1965 Mustang C4 to AOD Swap
Just completed an AOD swap on a 1965 Mustang.
If you are planning on doing this I thought I 'd share my experience.
First. I thought that this would be something I would tackle myself. You need an experienced person assisting you, unless you are an accomplished mechanic. I am glad that I didn't go this alone.

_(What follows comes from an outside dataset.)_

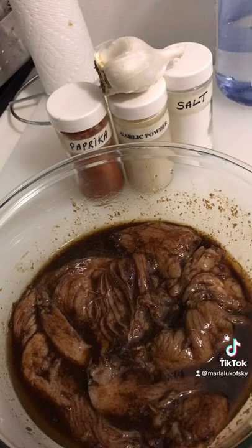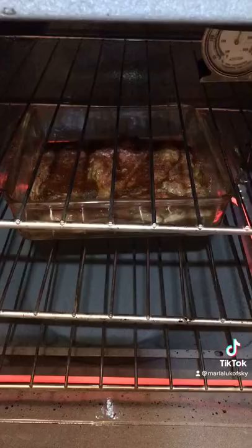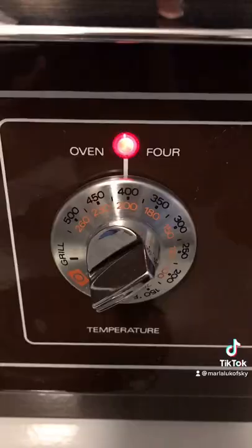Pound some chicken breasts, put them in balsamic vinegar, olive oil, paprika, garlic powder, salt, and real garlic. And put them in a Pyrex dish.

Second, or maybe first - Ride in a car similar to yours that has had this upgrade performed. Make sure this is what you want. The AOD has specific characteristics. There are many options for upgrading an AOD depending on your application. I had a C4 that was leaking, so I felt that if the tranny had to be pulled again (because the mechanic I paid who had the unit out of the car twice didn't fix the leak), then I might as well give the AOD a try. The AOD does not leak :kooky:
Do I like the upgrade? For me it's very different from the C4. I'm getting use to it. I do have a passing gear now (the c4 linkage wasn't there when I got the car). You will need the Lokar kit for the AOD TV (throttle valve) and a gauge to measure the pressure for adjusting the TV cable that is attached to the carburetor linkage. This gives you passing gear.
On the highway the ride is smooth and the engine is running at a lower rpm when the overdrive kicks in. Do some homework if you want more performance than a driver car.

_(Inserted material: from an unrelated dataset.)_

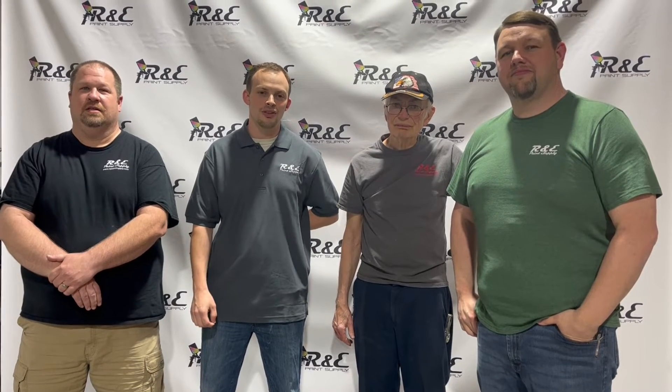I want to thank you guys for watching this video. If you have any questions on your project, feel free to give us a call or shoot us an email. We just like to take a minute and tell you all that we are very proud to be a Christian owned and operated business.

Located an AOD from a 1990 5.0L Mustang for $150.00. My guy (a friend that is ASE certified Master Mechanic) and I rebuilt the tranny over a period of several weeks. Replaced all seals and clutches, reverse servo piston. Total parts cost around $180. Total cost in the tranny, approximately $330. Purchased a rebuilt torque converter for $55.00, wholesale. Yes there are large markups on auto parts. I was able to buy direct from a local company that specializes in transmissions.

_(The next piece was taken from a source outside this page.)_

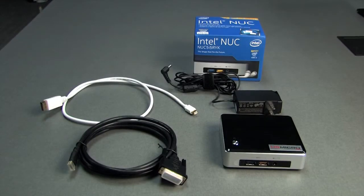This is the new Intel NUC model NUC5i5RYK. This video is just going to show how to hook up this computer to the monitors and keyboard and mouse.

Sourced all the other parts (flex plate, transmission mount, transmission bracket, shift linkage, transmission lines, lokar tv cable, engine cover and inspection plate, aod dipstick and tube, speedo gear) I needed from various dealers, all from the internet, over a period of months. As a result of purchasing from reputable dealers that sell quality parts, there were no issues with getting everything to work, and I saved some money, versus buying a kit ( at least $1200)
Don't forget the speedometer gear. There are websites with formulas to calculate the right one for your tire size.
Read all the posts you can about swaps. There are nuggets in each of them. Don't believe everything you read. And remember that some things aren't highlighted that can be a show stopper, like the exhaust mentioned below.
Was able to reuse the C4 tailpiece that comes out the back of the tranny that attaches to the driveshaft.
You will need to measure and have your driveshaft shorted. 2.5 inches had to be removed for this installation. A local shop shortened and balanced the unit for $45. Previous owner had installed new U joints, so that was something I didn't need to do. The driveshaft shop can tell you if the U joints are bad, because they won't be able to balance the shaft if that's the case. The shaft gets balanced much like a tire does. A weight is welded to the shaft.
The neutral safety switch and back up lights are controlled by internal mechanisms on the AOD. The switch on the C4 that did control these gets cut out and you splice these wires to the harness on the AOD. Diagrams are on the web for the correct wiring pattern. Make sure you get the harness when you locate a transmission.
At first we thought that the backup lights weren't working (had installed new lights previously that never worked. Probably was a faulty switch on the C4). This turned out to be a shifter linkage adjustment problem. The car was in park, but when shifted to reverse, it was then in park. When shifted to neutral the backup lights worked. You'll have to play with the shifter linkage adjustment to get it right.
Get all the parts you can from the AOD as it is pulled from the donor car, especially the bolts that go through the bell housing to the engine. They are a little longer than the C4 bolts.
A word about exhaust. The exhaust system will probably need to be modified. The cross over pipe had to be cut so that we could spread the dual exhaust to clear the tranny. The AOD is bigger than the C4. We hammered the ends where the cross over pipe was cut and welded them shut, so that the car could be driven to the muffler shop. Another $150.00 put the exhaust right, with a crossover pipe and adjustments as needed.
Get the car up in the air as far as you can, being safe. We used 4 - 3 ton jack stands, which got the car up high enough for us to use creepers to get around. It was still tight at first for me, but I got use to it. We did everything under the car over a period of several weeks. We did not get in a hurry.
While the drive shaft was out we replaced a seal on the chunk in the rear that was leaking. Discovered I had a 9 inch rear. While the car is in the air, it's a good time to do additional work, if you have anything in mind.
It's an interesting project to tackle. I now feel that I understand the driveline of this car and several other components better than I did before. And I have two less leaks than I did before the upgrade. And if you're like me, you hate a leaky car.
Next projects on the horizon. Replace the steering gear with a 16:1 ratio box and upgrading to power disc brakes on the front.